No matter what type of holiday you celebrate, this season is filled with extra time spent with family and close friends. Whether you have good or bad relationships, spending more time with family can lead to more stress during the holidays. We know from years of research that experiencing stress is normal. The goal is not necessarily to get rid of all stress, but rather to manage stress in healthy ways.
Stress that is not managed in a healthy manner can have serious physical and emotional effects, such as difficulty sleeping and eating, high blood pressure, headaches, stomach problems, anxiety, irritability and moodiness. Extreme amounts of stress can lead to ulcers, heart attacks, strokes and even thoughts of self-harm.
People manage stress in many unhealthy ways, such as overeating, drinking excessive amounts of alcohol and spending hours watching TV or going online. Luckily, there are a variety of healthy ways that have been proven to reduce stress. The following is a short list of strategies that could be helpful this holiday season:
1. Focus on the present (not on the presents)
One of the best proven strategies for managing stress is mindfulness. Mindfulness is a “mental state achieved by focusing one's awareness on the present moment, while calmly acknowledging and accepting one's feelings, thoughts, and bodily sensations.” Mindfulness can be practiced through breathing, praying, meditating, yoga and exercise. If you have a busy home with many family members visiting, finding a moment of peace and quiet can be difficult, but it is possible. Everyday moments such as listening to music, taking deep breaths, counting your steps, enjoying a hot shower and even washing the dishes can be used to practice mindfulness.
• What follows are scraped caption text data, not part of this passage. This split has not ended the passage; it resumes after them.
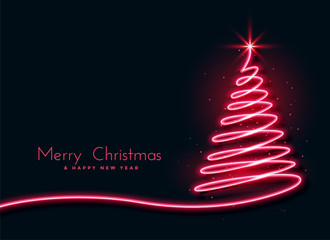 red neon christmas tree creative design background © starlineart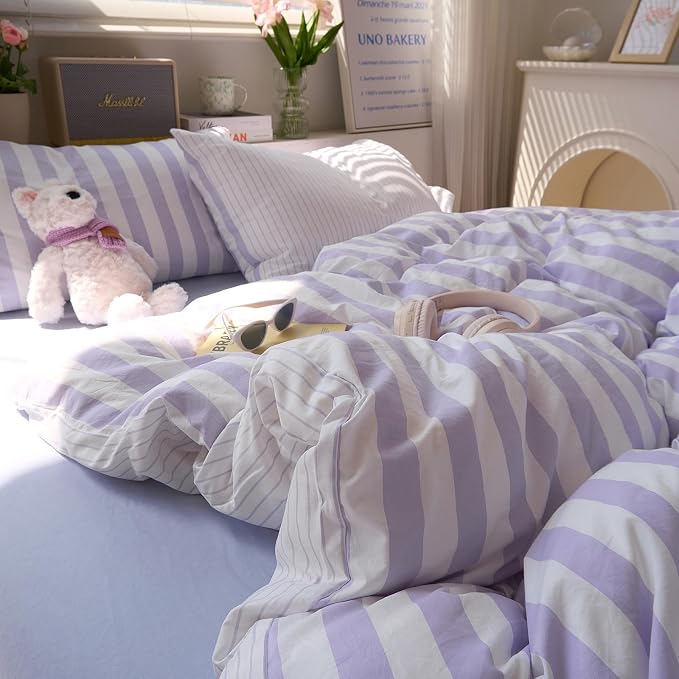 LifeTB Striped Comforter Set Queen, Vintage Purple White Stripes Pattern Printed Bedding Set, Lightweight Soft Striped Bed Comforter with 2 Pillowcases, Farmhouse 3 Piece Comforter Set for All Season
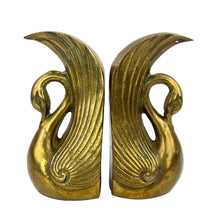 Load image into Gallery viewer, Brass Swan Bookends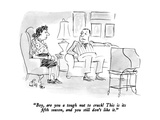 "Boy, are you a tough nut to crack!  This is its fifth season, and you sti…" - New Yorker Cartoon Premium Giclee Print by Edward Frascino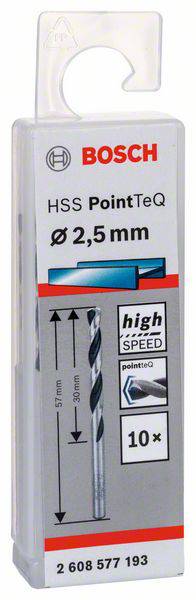 Pakiranje za Bosch HSS PointTeQ svrdlo promjera 2,5 mm, 10 komada. Napomena o visokoj brzini, dimenzije 57 mm dužine, 30 mm za rezanje.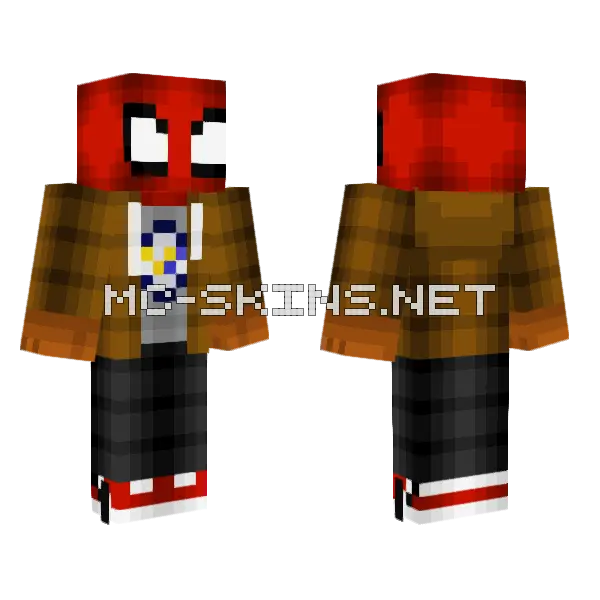 Ultimate Spider-Man Training Suit Minecraft skin, front and back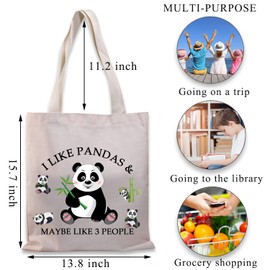 PLITI Panda Tote Bag Panda Lover Gift Panda Bear Gift I Like Pandas & Maybe Like 3 People Cute Panda Themed Canvas Handbag (I like pandas TGU)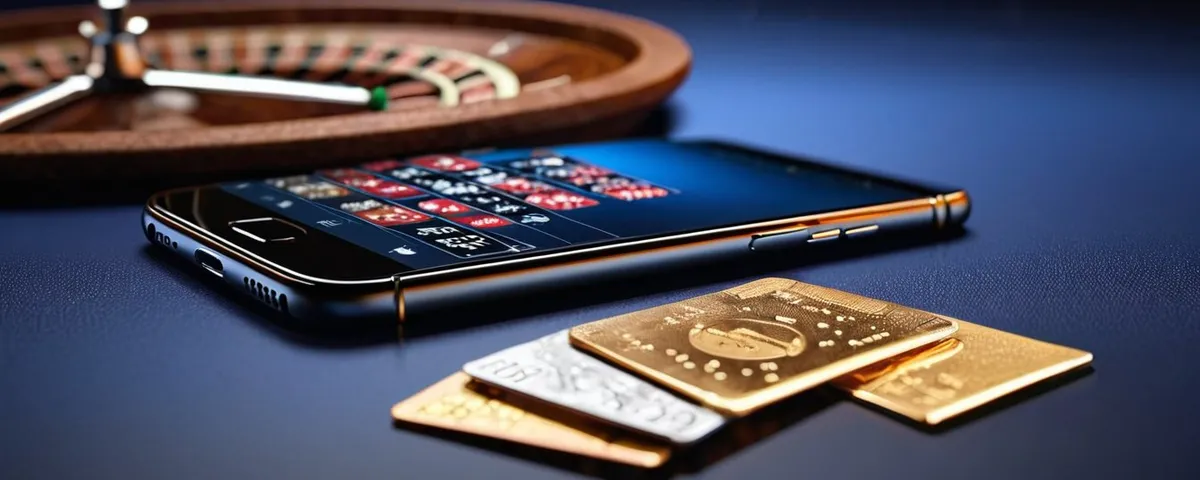 Teléfono con una ruleta en línea, una billetera de piel abierta y fichas plateadas bajo luz dorada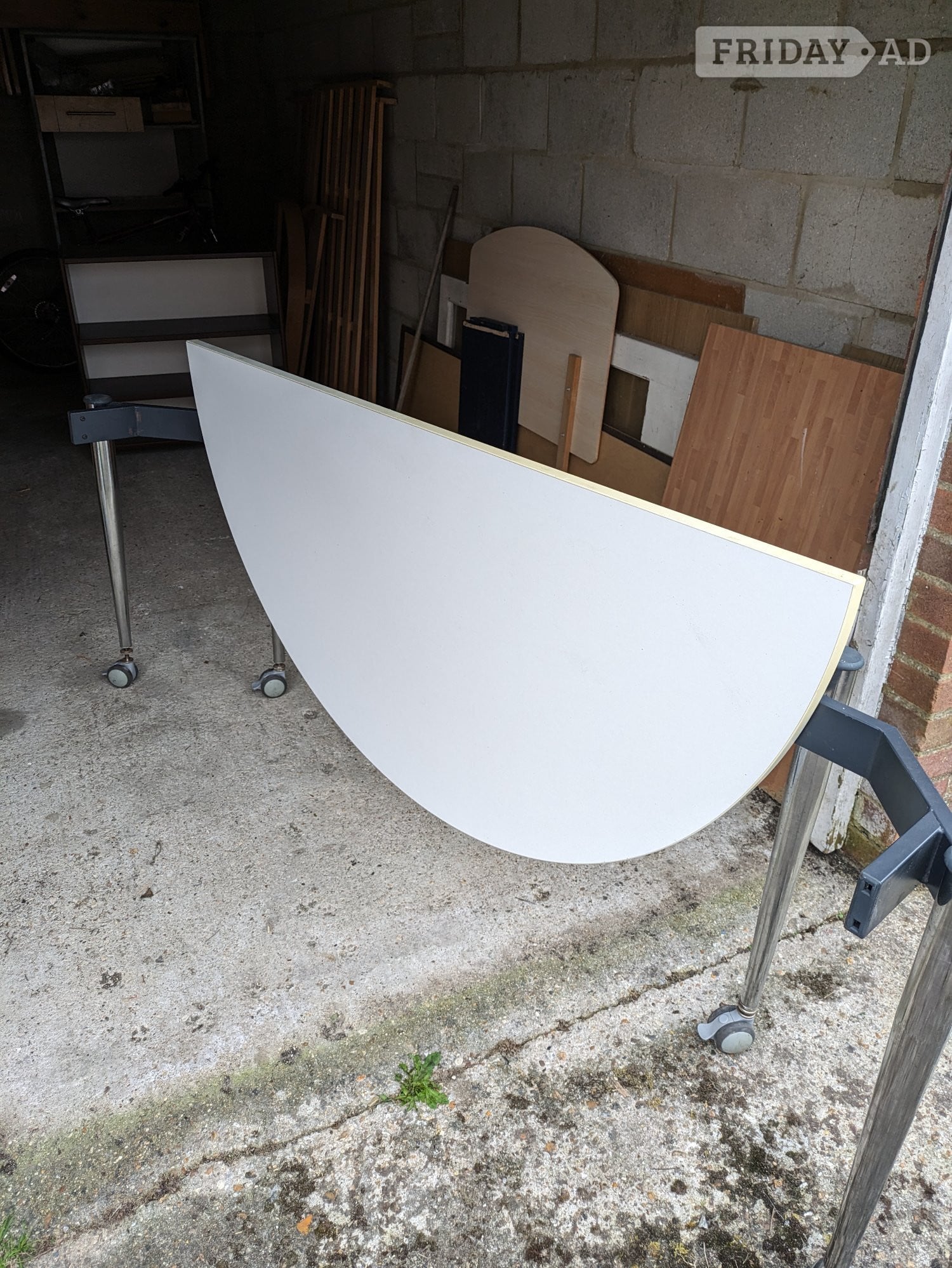 White Folding Crescent Table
2. Expect and accept differences
When family comes to town, there can be a history (both positive and negative) that leads to conflict and stress. Certain family members seem to be angry, irritable or know exactly how to push our buttons. One way to manage these experiences is to shift our expectations and perceptions of others. If you know that a particular person always arrives for the holidays irritated, plan ahead for that to occur. Put your energy into determining how you want to respond to others. When you shift the focus to changing how you react, it can lead to a sense of empowerment and relief.
Another useful tool is active listening. This is listening in order to truly understand and validate another person. You may find that an irritable or cranky family member just needs a good listening ear during the holidays. Often after using active listening, family members are more likely to listen to you in return.
3. Simplify your schedule
During the holidays there are many events that keep us busy. This is particularly true for families with children. One way to manage the stress of the holidays is to simplify your schedule. Instead of doing everything, focus instead on the most important and essential experiences during the holiday season. If that means saying no to a few gatherings, parties, and/or invitations, that is OK. As a family, discuss what events are most important and vital to your holiday rituals and focus on enjoying these experiences.
4. Practice gratitude
Taking time to practice gratitude can help immensely to reduce stress. To practice gratitude, it is important to develop several strategies and be consistent. Keep a gratitude notebook or journal that you write in each day. Practicing gratitude can reshape the type of interactions and relationships you have with the people around you. When we are stressed we tend to notice the negatives in others and in day-to-day life. Practicing gratitude reminds us of the positives, and leads to increased patience and kindness towards others. In return, other family members tend to mirror these behaviors.
5. Connect with others and/or with nature
Even when surrounded by family and friends, people can feel separated and disconnected during the holiday season. This is where connecting with others or with nature can be important. Connecting through nature, or spiritual/religious practices, remind us that the world is bigger than ourselves. Take the time to go for a hike, visit a local park or walk through your neighborhood looking at holiday decorations. Plan an event where the whole family takes part in giving back to others. Show your children that treating others with warmth and love is important.
If you feel that your stress level is above and beyond what you can manage, it is important to ask for help. This may be help from a close friend or family member. It can also mean seeking out professional support from a counselor or therapist. I wish you and your family a happy, healthy, and low stress holiday season.
Andrea S. Meyer Stinson. Ph.D., is an assistant professor and assistant program director for the Master of Family Therapy Program at Mercer University medical school.